Perhaps not without a huge push 'from below' via an organised, loud, proud yet strategically amorphous movement of the 99%, galvanised by O.W.S. maybe !

dum spiro, spero ...

[-] 0 points by BradB (2693) from Washington, DC 10 years ago

better hurry up .... the robots are coming ....

The World’s First Virtual Supermarket:

http://www.bitrebels.com/technology/the-worlds-first-virtual-supermarket-opens/

[-] 0 points by beppe (-87) 10 years ago

The current proposal to raise the minimum wage for Walmart stores only would seem unconstitutional to me. It would violate the equal protection clause.

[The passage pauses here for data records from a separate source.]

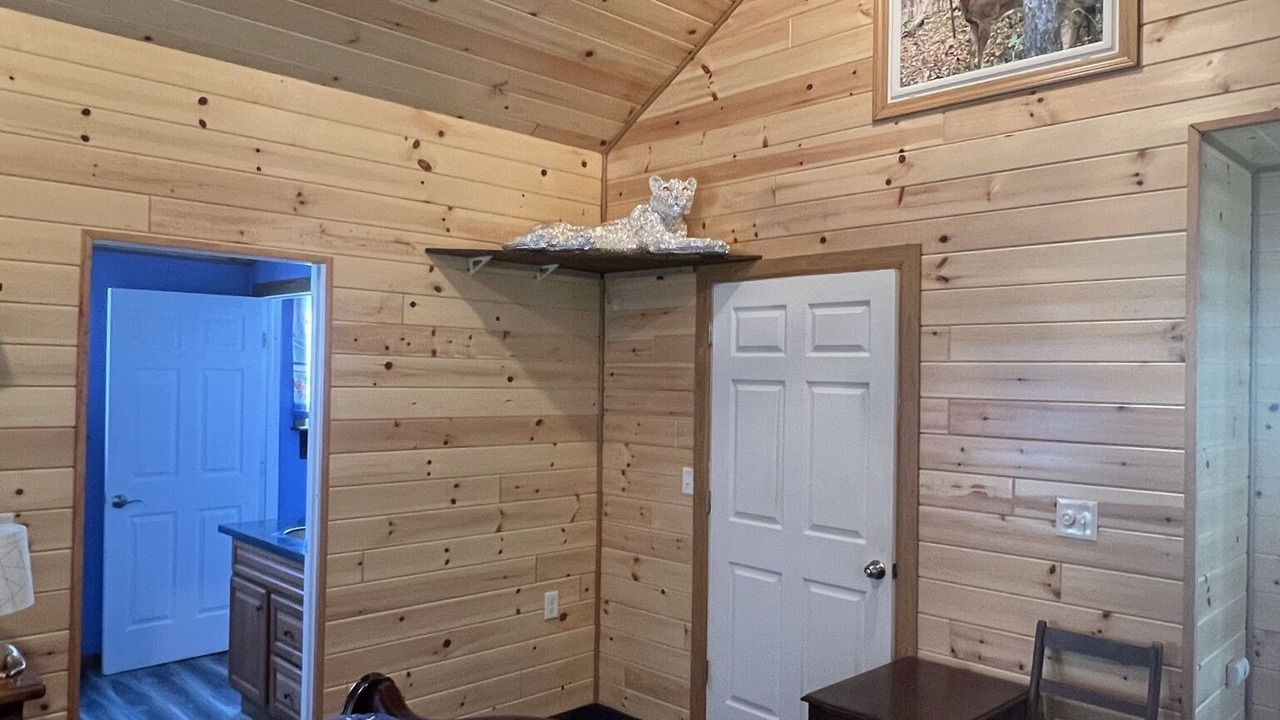 Photo of Bedroom in Montour Falls
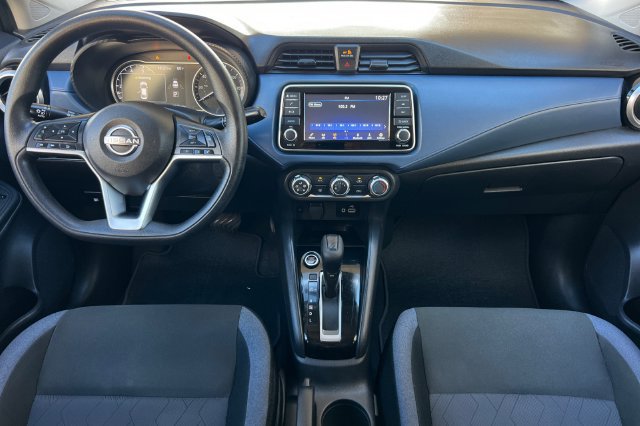 Used 2025 Nissan Versa SV FWD image 17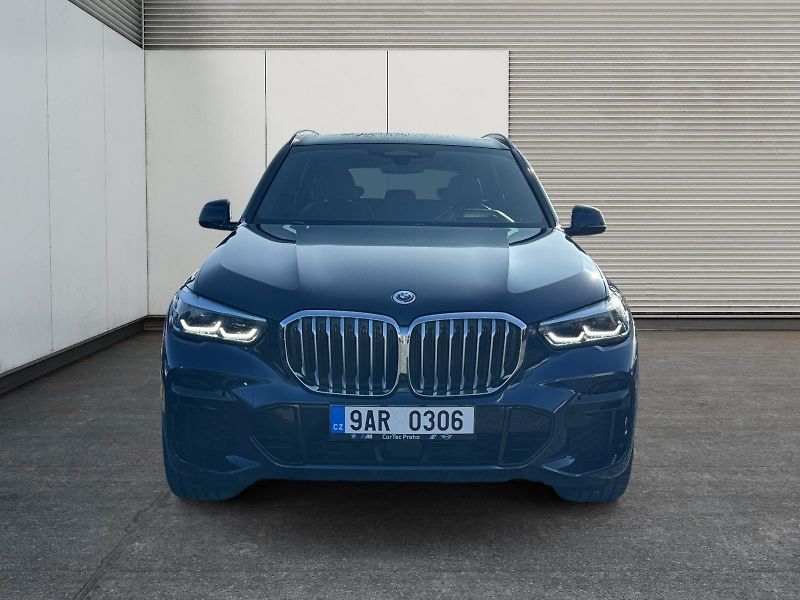 BMW X5 (2023) xDRIVE 40i 245kW 4x4 CZ DPH - fotka 2 z 11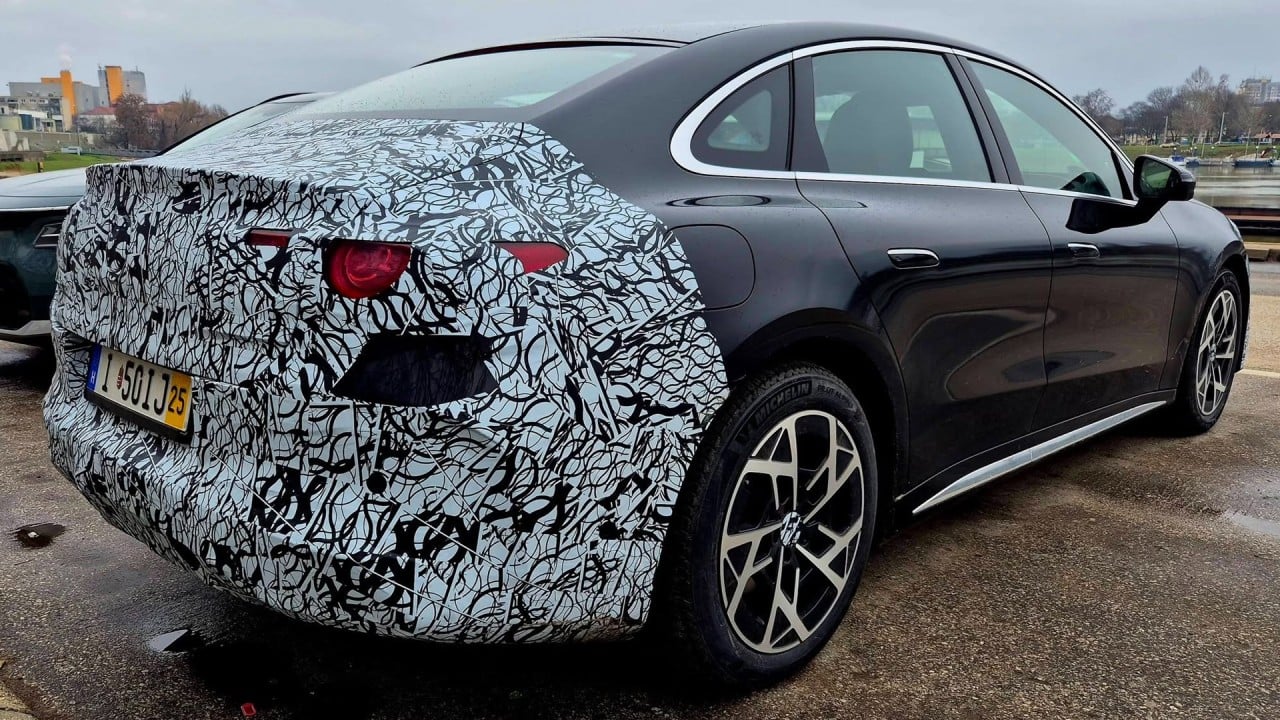 El nuevo Mercedes Clase C eléctrico aparece casi al descubierto… y revela un detalle clave que muchos dudaban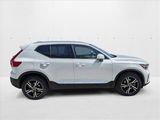 Used 2023 Volvo XC40 B4 Core w/ Convenience Package image 4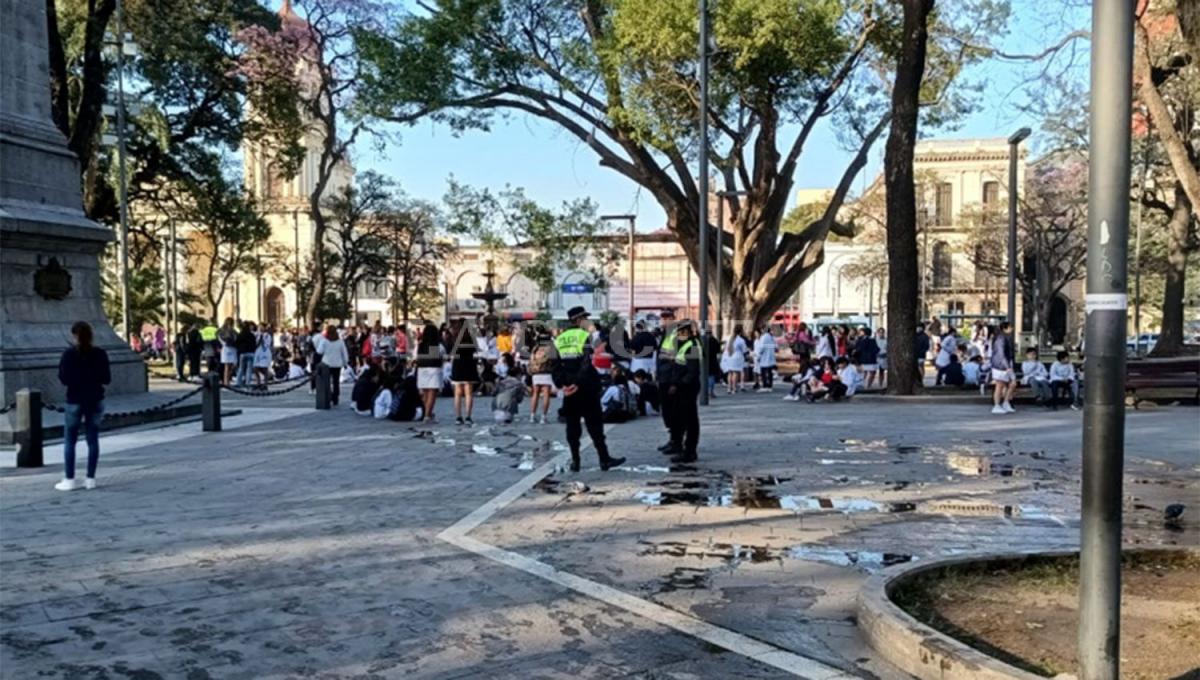 A LA PLAZA. Alumnas de la escuela Sarmiento y de la Normal fueron evacuadas frente a Casa de Gobierno.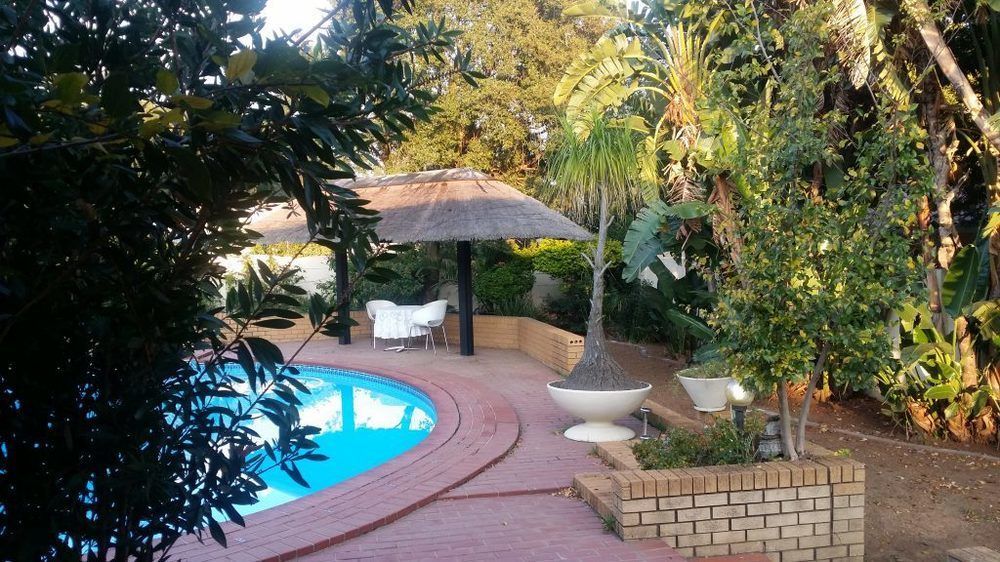 Sollunaa Guesthouse Sandton Exteriér fotografie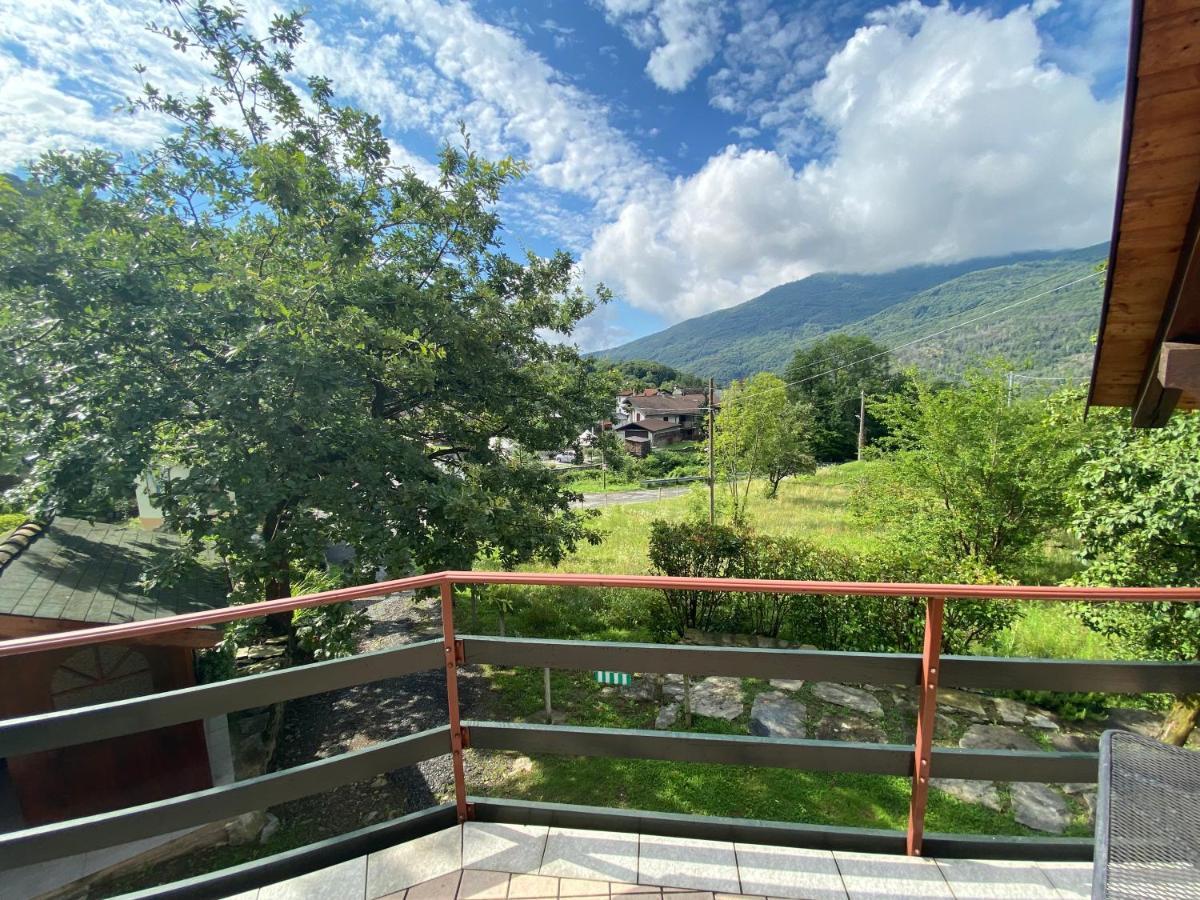 La Casa Dei Nonni Con Spa Privata Su Richiesta Villa Pont Canavese Bagian luar foto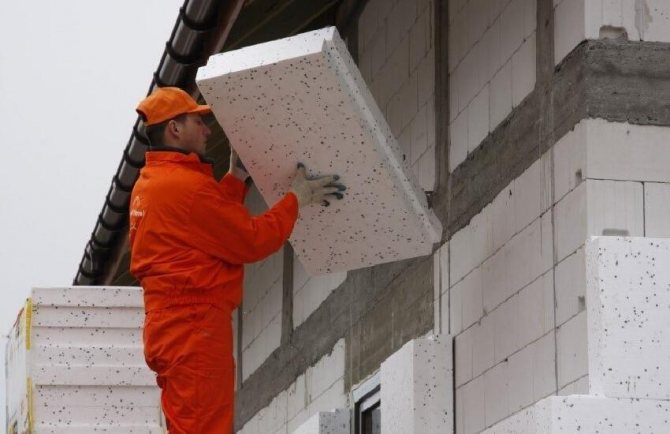 Isolation des murs avec de la mousse à l'extérieur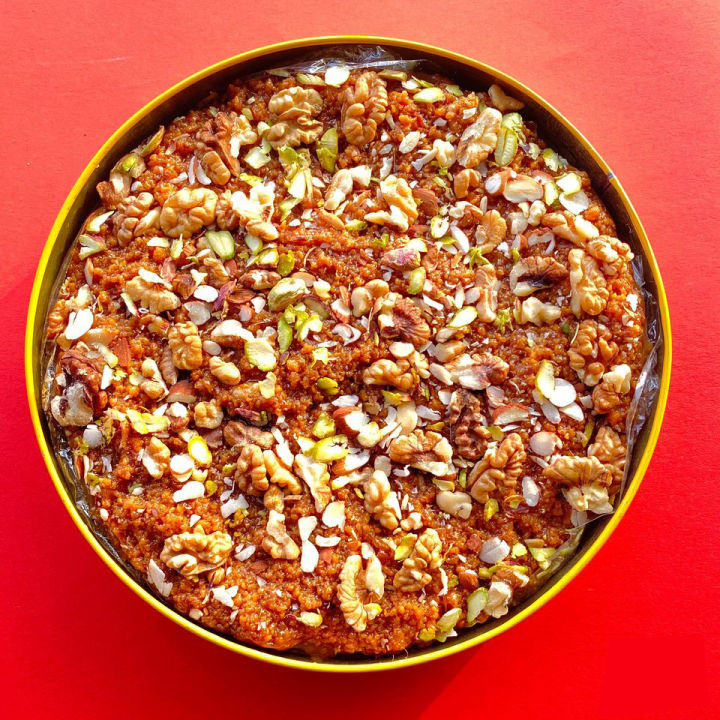 Ahmed%20Sweets%20Simple%20Multani%20Sohan%20Halwa%20Half%20Kg%20Pack%20-%20Image%205
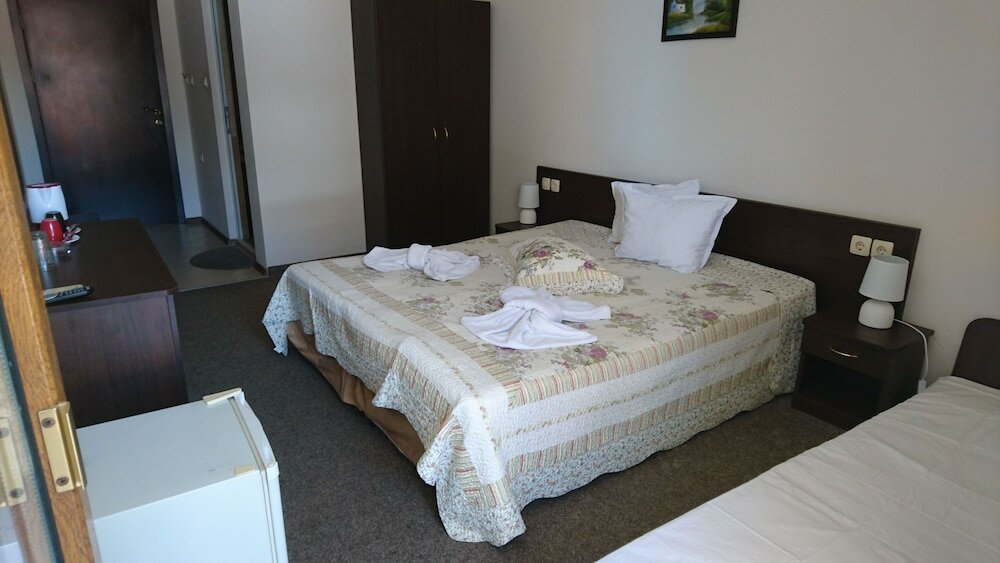 Фото Family Hotel Kandrovi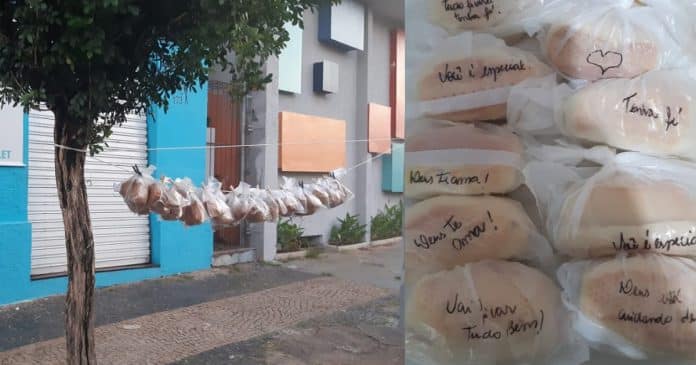 Moradores de Limeira penduram lanches em varal para ajudar pessoas em situação de rua durante pandemia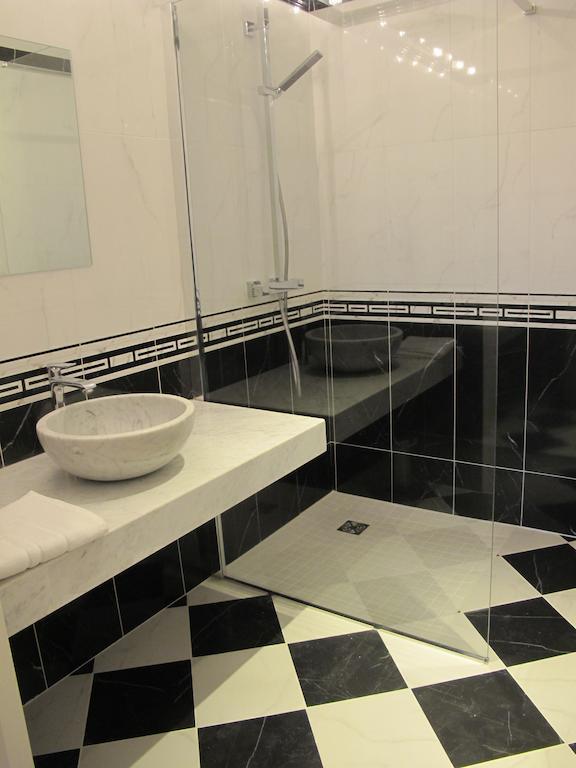 Hotel Au Domelia Provinois Cerneux Pokoj fotografie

You don't raise minimum wage standards selectively, you raise them uniformly.

[-] 2 points by elf3 (4203) 10 years ago

beppe - if people and corporations can no longer negotiate their terms or make contracts than what kind of system is this ?

Now I've seen it all so - are you actually referring to unionization (a democratic process whereby a constituency of citizens and employees gathers together as group to sway corporate policy in their favor and by fair measures of protest use their collective power of bargaining and market demands to NEGOTIATE better wages ....as unconstitutional??!!) - did you forget what country you live in? Holy Crap - bet you think lobbying is just dandy though! They have something Wal Mart wants...employees - well Wal Mart if you want employees you must negotiate better wages or you won't have employees they will strike...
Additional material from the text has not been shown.